Yeah. One question too is when you think of people that had mild or moderate COVID that developed long COVID versus those that are severe maybe in the ICU or something, any sense of that proportion of maybe those with milder symptoms that develop long COVID?

Kristine Erlandson 

It's been strange. I mean we definitely see that people who had more severe COVID tend to develop long COVID, but there's many cases of long COVID in people who didn't even know they had COVID or who had extremely mild cases of long COVID. Overall, it seems to be that probably between 10 to 30% of the population experiences some long COVID. Those rates are probably much higher in those that were much sicker initially. But we do probably still see it in about 10% of people that didn't have very severe COVID at all. So I think it does still remain a risk and certainly keeping up to date with vaccinations and other COVID prevention remains important as much as we would like to just forget the whole pandemic.

Thomas Flaig 

It's interesting to hear your motivation to go into infectious disease.  From a young age, you were fascinated by the impact that infectious disease can have on people. So one question I would have for you, as an infectious disease specialist who's just gone through this pandemic, how has it changed your professional life or maybe your view of your career?

Kristine Erlandson 

Yeah, that's really interesting. I think one of the reasons I went into or that I really enjoyed infectious disease once I got further along in my career trajectory was that we can treat people. So many different subspecialties, you can't really cure people. And a lot of the patients that we see minus my patients with HIV, that we've yet to find a cure, we can treat their condition and get them better. And I think that's what's been most frustrating about long COVID is we really haven't been able to make everybody better yet. But I think in general, it just reinforces the need for infectious disease and how valuable the specialty is, how necessary it is when things like pandemics come up and how we were, our field as a whole, was really able to reach out and lead some of the first vaccine trials, help with infection prevention in the hospital, all the important things that come with managing a pandemic.

Thomas Flaig 

It sounds like you've even more inspired now than before having gone through this.

Kristine Erlandson 

Yes.

Thomas Flaig 

One more question too, and maybe this just a simple one, but so if there's someone listening to this who's dealing with long COVID, do you have kind of a simple message to patients that are dealing with long COVID with what you understand now and the research that's being done?

Kristine Erlandson 

Yeah, I think the first thing is just that to let patients know that they're heard, that this is real. We understand it's real. We absolutely acknowledge that the things that they're going through are legitimate and long COVID is a real issue

And then I think with a lot of these chronic conditions, it's a multidisciplinary approach or a multi-pronged approach. For example, therapy, physical therapy or even psychotherapy or counseling may not seem like it's going to cure everything, but it's one part of an approach.
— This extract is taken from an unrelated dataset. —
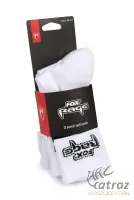 Fox Rage Socks Méret: 44-46 - Fox Rage Zokni 3 pár/csomag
And it may help in addition to medications or in addition to other treatments. So just being willing to try different treatments that hopefully can help as the providers work with patients to get their symptoms to hopefully abate and be able to return back to normal.

Chris Casey 

Well, it's been a fascinating discussion, Kristine, and it's ever evolving, obviously. So thank you for the work you're doing.

Thomas Flaig 

Thanks for all your work.

Chris Casey 

And thank you for breaking it down for us.

Kristine Erlandson 

Thank you for the opportunity to share and to put more word out there about long COVID.